* _Your objective_
Beginning with the line below that contains "Telefon komórkowy - Facebook" and ending with the line that contains "epic high seas regatta", retype every line exactly. Pictures are not copied.

[Opening Material for this exercise section]

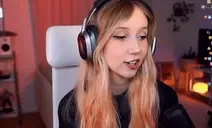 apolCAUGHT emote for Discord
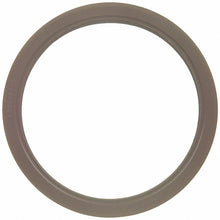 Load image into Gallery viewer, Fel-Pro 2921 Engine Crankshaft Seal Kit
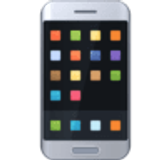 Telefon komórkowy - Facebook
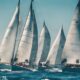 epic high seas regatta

[Closing Material for this exercise section]
[Opening Material for this exercise section]

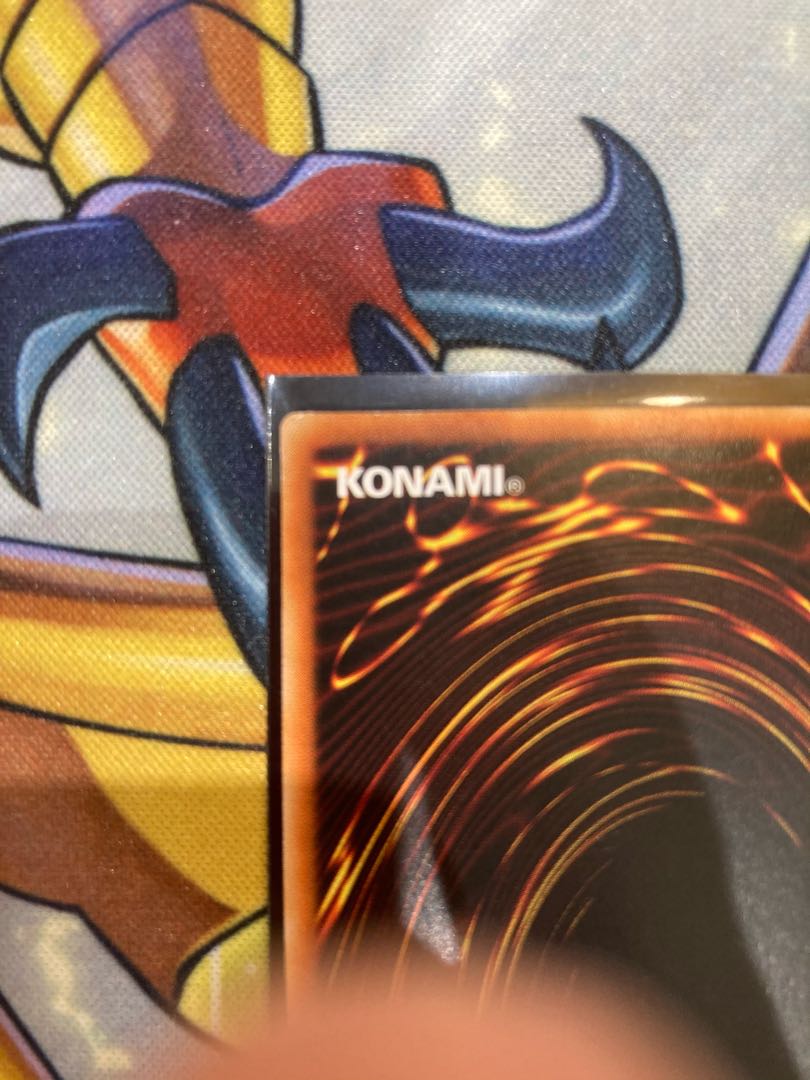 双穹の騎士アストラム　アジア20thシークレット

[Closing Material for this exercise section]

* _Solution to the problem_
 Telefon komórkowy - Facebook
 epic high seas regatta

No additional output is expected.